MindfulSis · 04/06/2025 21:42

I would react the same way as you and I would cancel my membership too. I think the manager could have reacted differently and shouldn't have been watching you for a long time, they should have questioned if you're aware there is a cost and should have requested you to leave now and not charge you or suggest you can stay and pay. They overreacted in my opinion! I can't understand why they didn't ask you after one time and instead they continued to monitor you.
At the end of the day, you spend 10 mins in there, not an hour so I wouldn't feel guilty, but they handled it rudely and they've lost a customer. Find your twins a new class and put it out your mind. Very unfair if they don't do the same with other parents.

Mounjane · 04/06/2025 21:42

Meh, it's not the end of the world. So you went into the soft play after a class, it's not like you stole out of the till.
The manager needs to work on customer service skills, she could have discreetly caught your attention on the way out and said 'I'm not sure if you are aware, but there is a fee to use the soft play. I will waive it this time but in future it will be £16 per visit'

MadameWombat · 04/06/2025 21:57

I would just chalk it up to experience. You've paid for the gym lessons, so the leisure centre has got money out of you. There are multiple ways they could have prevented parents from classes using the soft play. I wouldn't go back either.

mcmooberry · 04/06/2025 22:01

Ah you won't care about this in a few days so may as well stop caring now. It was a bit of a trek anyway so she's done you a favour and no way would you want to be paying an additional £16 a week on top of your membership.
If she was that bothered to give you a lecture for 5 minutes she should have pulled you up the very first time she spotted you. I probably wouldn't want to go back either.

Ghosttofu99 · 04/06/2025 22:02

Pemba · 04/06/2025 18:06

Has she really been taking the piss though?

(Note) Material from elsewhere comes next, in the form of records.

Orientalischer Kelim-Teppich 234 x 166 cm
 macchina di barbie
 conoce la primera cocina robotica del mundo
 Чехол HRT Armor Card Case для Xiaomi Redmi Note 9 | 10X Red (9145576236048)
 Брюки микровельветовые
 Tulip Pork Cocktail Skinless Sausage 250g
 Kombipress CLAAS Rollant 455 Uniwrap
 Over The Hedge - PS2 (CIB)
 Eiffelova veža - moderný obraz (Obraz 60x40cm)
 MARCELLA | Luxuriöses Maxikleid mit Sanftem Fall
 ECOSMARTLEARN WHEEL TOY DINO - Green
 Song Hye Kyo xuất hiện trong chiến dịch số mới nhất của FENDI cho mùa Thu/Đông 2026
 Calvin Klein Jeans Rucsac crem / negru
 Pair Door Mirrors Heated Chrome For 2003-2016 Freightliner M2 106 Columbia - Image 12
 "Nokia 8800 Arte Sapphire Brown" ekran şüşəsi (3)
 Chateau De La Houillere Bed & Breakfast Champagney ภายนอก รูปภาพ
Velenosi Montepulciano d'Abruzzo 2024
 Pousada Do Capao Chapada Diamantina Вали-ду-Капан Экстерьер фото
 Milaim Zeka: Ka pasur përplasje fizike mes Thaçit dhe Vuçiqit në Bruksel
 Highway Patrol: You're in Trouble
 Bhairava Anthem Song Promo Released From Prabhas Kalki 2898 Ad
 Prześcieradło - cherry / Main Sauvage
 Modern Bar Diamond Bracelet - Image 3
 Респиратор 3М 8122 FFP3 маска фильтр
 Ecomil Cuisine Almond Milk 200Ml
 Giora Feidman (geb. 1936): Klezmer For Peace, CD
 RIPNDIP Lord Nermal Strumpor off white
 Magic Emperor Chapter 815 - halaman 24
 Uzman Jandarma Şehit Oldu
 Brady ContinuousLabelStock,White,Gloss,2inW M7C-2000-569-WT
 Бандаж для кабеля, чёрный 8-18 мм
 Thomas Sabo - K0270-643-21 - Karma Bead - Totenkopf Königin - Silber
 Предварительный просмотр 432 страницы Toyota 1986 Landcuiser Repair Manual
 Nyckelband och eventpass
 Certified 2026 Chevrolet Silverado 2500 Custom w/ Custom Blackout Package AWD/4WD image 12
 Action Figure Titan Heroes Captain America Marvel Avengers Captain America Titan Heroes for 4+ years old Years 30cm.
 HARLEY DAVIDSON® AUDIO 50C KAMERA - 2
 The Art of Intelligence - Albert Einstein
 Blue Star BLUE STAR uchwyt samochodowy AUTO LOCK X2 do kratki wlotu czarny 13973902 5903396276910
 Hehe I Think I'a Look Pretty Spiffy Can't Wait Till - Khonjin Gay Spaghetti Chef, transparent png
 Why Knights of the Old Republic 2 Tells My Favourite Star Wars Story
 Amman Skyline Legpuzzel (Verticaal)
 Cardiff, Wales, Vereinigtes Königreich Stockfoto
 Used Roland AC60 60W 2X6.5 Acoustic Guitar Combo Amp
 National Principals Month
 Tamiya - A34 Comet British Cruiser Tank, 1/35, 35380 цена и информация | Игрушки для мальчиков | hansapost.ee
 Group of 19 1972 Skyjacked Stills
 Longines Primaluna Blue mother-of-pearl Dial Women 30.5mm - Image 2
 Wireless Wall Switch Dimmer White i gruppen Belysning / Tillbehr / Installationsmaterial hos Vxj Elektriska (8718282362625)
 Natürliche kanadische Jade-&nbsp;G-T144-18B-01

Sounds like the soft play was nearly empty, other mums from the gym class were doing it, and her kids were only in there for a few minutes after a class she'd presumably paid for.

The manager seems to lack people skills. But some people just love to stick the boot in, don't they?

So if the cafe is nearly empty then you can eat for free?

If the petrol station is empty: free petrol?!

It’s clearly ridiculous.

If I pay for a croissant in the morning it doesn’t entitle me to a free sandwich at lunch.

stichguru · 04/06/2025 22:06

Yeah you could just have asked at the desk "Is it right that we get the soft play free after the class?" Like months ago! If the effort that would have taken, wasn't worth being sure you weren't stealing, then you aren't that bothered about stealing! I'm honestly not surprised that the manager wasn't that nice to you!

MyLittleNest · 04/06/2025 22:07

I wouldn't go back either. Yes, you were in the wrong, but so was everyone else, and it's the manager's response to it that I take issue with. Had she said something the first or second time it happened, I don't think you would have reacted as you did, or felt as you do. She singled you out, as from the sounds of it, you were in there at the same time each week with the same group of mothers and kids. She's also admitted to watching you for months, which is creepy and unprofessional not to mention passive aggressive. Why wait so long to speak up, and why only to you? Maybe it's the twins that make you stand out, but again, she'd have had to be blind not to notice that you were the same other mums. It feels personal, and I don't blame you for therefore taking it personally. I would have been upset too, for many reasons, including embarrassment. Being scolded as an adult by another adult is just.....awful.

FoodAppropriation · 04/06/2025 22:08

The sense of entitlement on this thread is astonishing. I am not talking about the OP

I was already paying for a coffee so I did begrudge paying another tenner for soft play

Presumably paying for soft play and gymnastics is too expensive for all but the very wealthy.
You're not depriving them of income as the combo is priced too high.